** Requirement **
Each line below must be reproduced exactly as it stands. Pictures stay out of the copy.

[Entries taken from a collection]
==*==
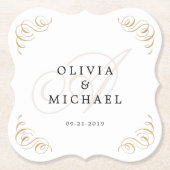 ヴィンテージエレガントは書道のモノグラムを繁栄させる ペーパーコースター (正面)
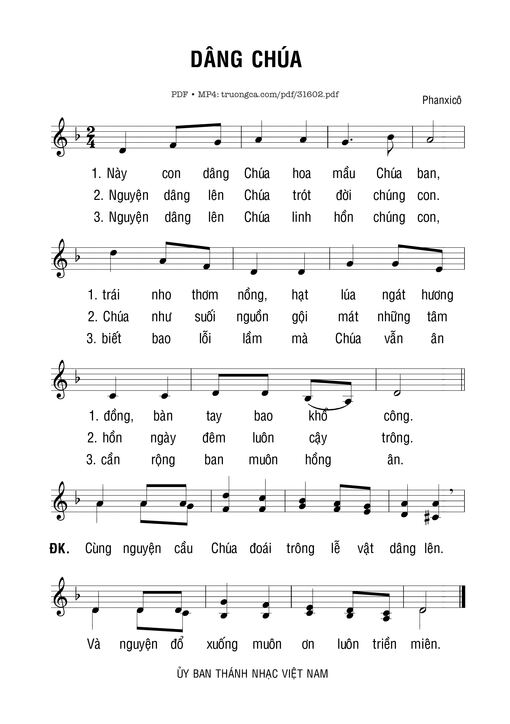 Dâng Chúa - Phanxico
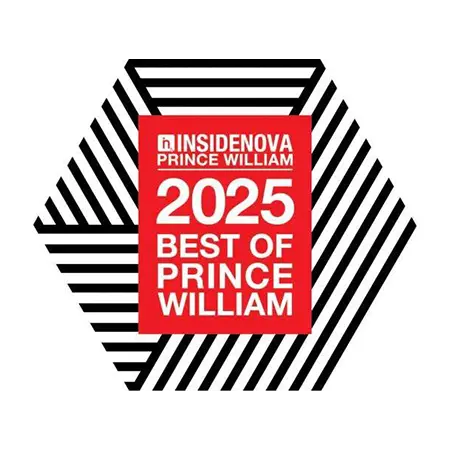 Hexagonal logo with 'Insidenova' and '2025 Best of Prince William' text on a white background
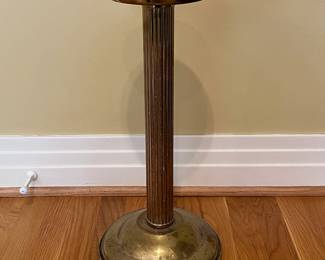 K5 - $40. Brass Pedestal Plant Stand. Measures 20" tall. Base is 9.5" wide. Top Can hold 6.25" planter.  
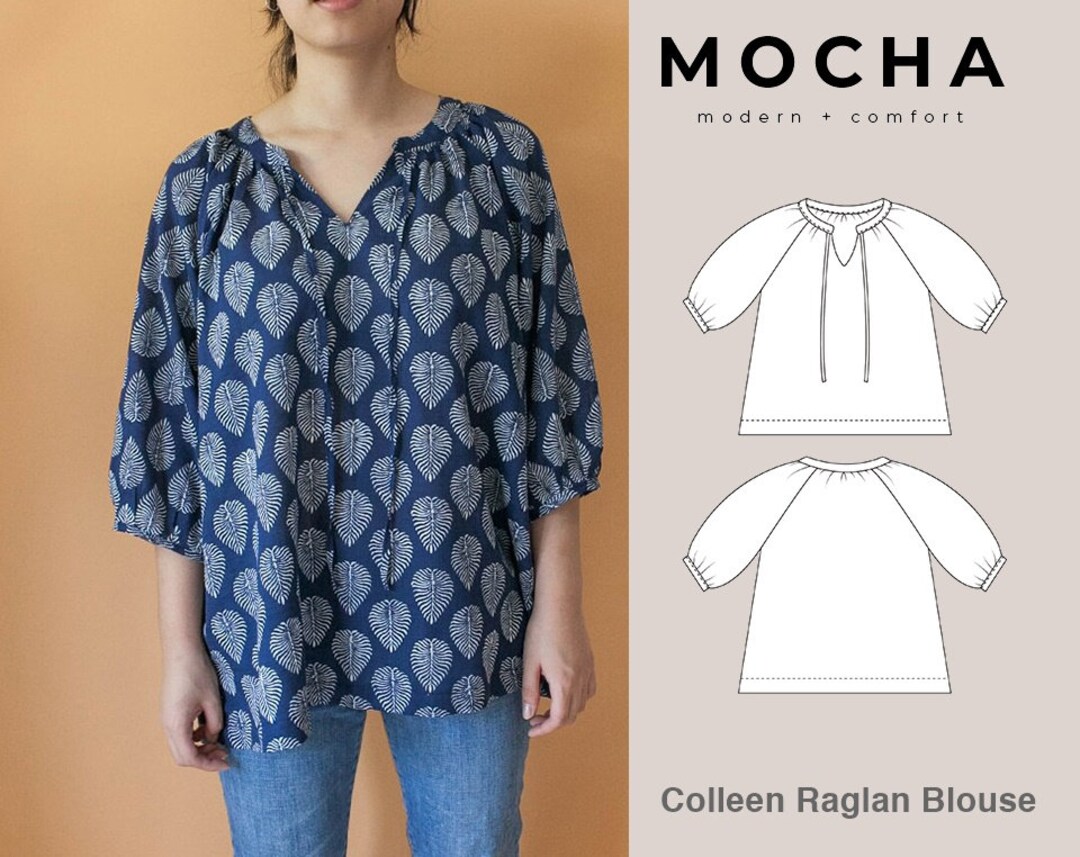 MOCHA Colleen Raglan Blouse PDF Sewing Pattern Kinds of Paper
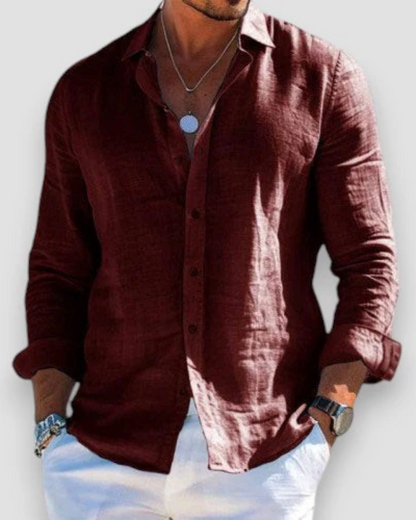 Homme Chemise Manches Longues avec Col Classique et Boutons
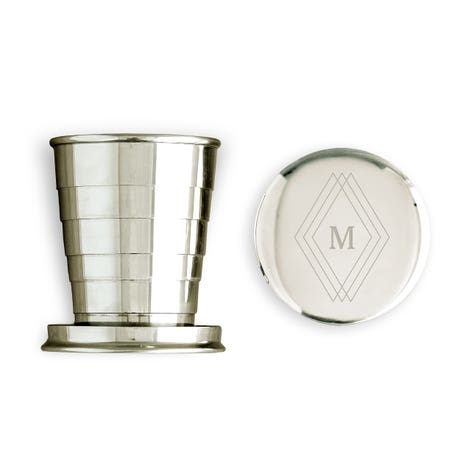 Personalized 2 Oz. Silver Stainless Steel Collapsible Shot Glass - Diamond Emblem Monogram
==*==
** Answer box **
 ヴィンテージエレガントは書道のモノグラムを繁栄させる ペーパーコースター (正面)
 Dâng Chúa - Phanxico
 Hexagonal logo with 'Insidenova' and '2025 Best of Prince William' text on a white background
 K5 - $40. Brass Pedestal Plant Stand. Measures 20" tall. Base is 9.5" wide. Top Can hold 6.25" planter.  
 MOCHA Colleen Raglan Blouse PDF Sewing Pattern Kinds of Paper
 Homme Chemise Manches Longues avec Col Classique et Boutons
 Personalized 2 Oz. Silver Stainless Steel Collapsible Shot Glass - Diamond Emblem Monogram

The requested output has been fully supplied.